The new measure still had opponents, however. And they cited some fairly basic reasons that this isn’t a good idea. First of all, the employers who are still in business can’t simply absorb these massively increased labor costs. They’re going to have to raise prices on virtually everything. And much as we’ve seen in the restaurant industry here in the United States, many of them will also have to lay some people off or cut their hours to make up the difference.

Taking those facts into account, let’s see if we can’t figure out what the government of Geneva is about to do. In a city that’s already too expensive for working-class people to live in and with rising unemployment, they’re about to put even more people out of work while raising the cost of living for everyone even higher. The new minimum wage will no doubt be a boon to those who manage to hang onto their jobs, so that part is great. But for all of the people who were already out of work and all the newly furloughed workers about to join them, it’s going to cost even more money that they don’t have to simply survive in the city.

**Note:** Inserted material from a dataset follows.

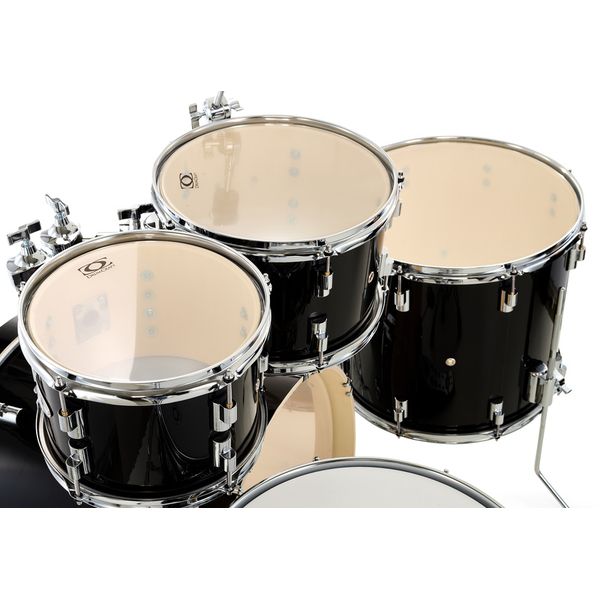 DrumCraft Series 3 Standard Set Black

There was an alternative to this plan under consideration up until now. Geneva hosts approximately 200,000 “cross-border workers” who primarily commute back and forth from France. (The minimum wage in France is less than half of what it’s about to be in Geneva.) If they had closed the borders to such workers, more employment opportunities would have immediately appeared for the city’s residents. Then they could have probably afforded to leave the minimum wage where it was and control the prices.

So why didn’t they go that route? Because the cross-border workers have a union and they fought the border closure idea, claiming that it would have “jeopardized the free movement of nearly 200,000 people.” If that story sounds familiar, it’s because it shares a number of similarities with the Fight for Fifteen movement among labor unions in the United States. I guess some things really are universal, huh?